When Lisa Helps was elected mayor of “Canada’s most English city” in 2014 by 89 votes, her refusal to swear allegiance to the Queen was criticised nationally (Charlie Mitchell writes). Today, though, she embodies the transformation of Victoria, British Columbia, itself.
“We have a new story now,” Helps, 45, said in a slick café opposite city hall, adding that it included a booming technology sector and immigration from Asia and South America.
Victoria had long seen itself as “a little piece of old England”, thanks to its Tudor revival architecture, Kipling and Shakespeare streets, red buses and obsession with high tea. Now though, the former British trading post is embracing a new future, just as the discovery of 1,100 unmarked graves at former assimilation schools for indigenous children prompt a reckoning over colonialism.
To aid reconciliation Helps removed a statue of Sir John A Macdonald, a Glaswegian who became Canada’s first prime minister, at city hall.
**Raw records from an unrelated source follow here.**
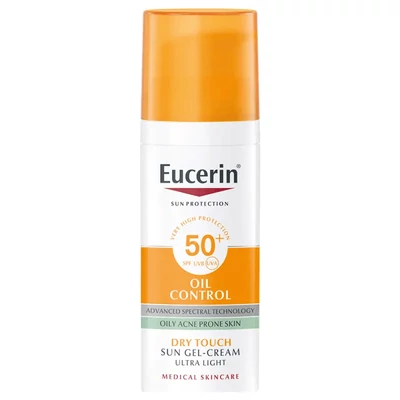 EUCERIN SUN OIL CONTROL NAPOZÓ-GÉL KRÉM ARCRA SPF50+ 50ML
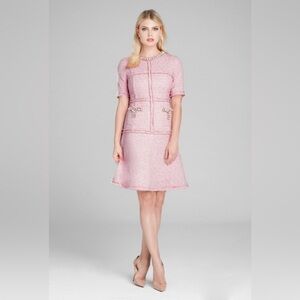 Rickie Freeman For Teri Jon New Short Sleeve Beads Embellished Dress Size 12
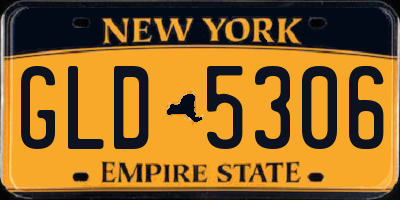 NY license plate GLD5306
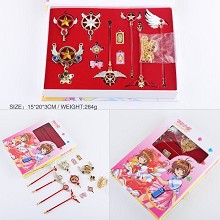 Card Captor Sakura key chains a set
This month she cancelled Canada Day celebrations, for which she was called an “unpatriotic *****.”
The city’s statue of Queen Victoria was barricaded to keep anti-racism protesters from toppling it. “I just don’t think it’s as relevant as it once was,” Helps said of the monarchy.
Polling backs her up: fewer than 50 per cent of Canadians approve of the Queen as head of state, although the Duke and Duchess of Sussex were well received when they moved to Victoria in 2019.
Aspects of Victoria still feel British. There are pubs such as The Churchill and Penny Farthing, but, says John Hughes, executive director of Craigdarroch Castle, which was built in 1890, the city has undergone a “natural evolution” over 20 years, rather than consciously leaving its “little slice of England behind”.
Every year dozens wear tweed and ride vintage bikes before sitting down to tea. However, the Tweed Ride’s organiser, Grant Turner, 61, does not lament the loss of Englishness. “It never meant a lot to me. Victoria is moving on.”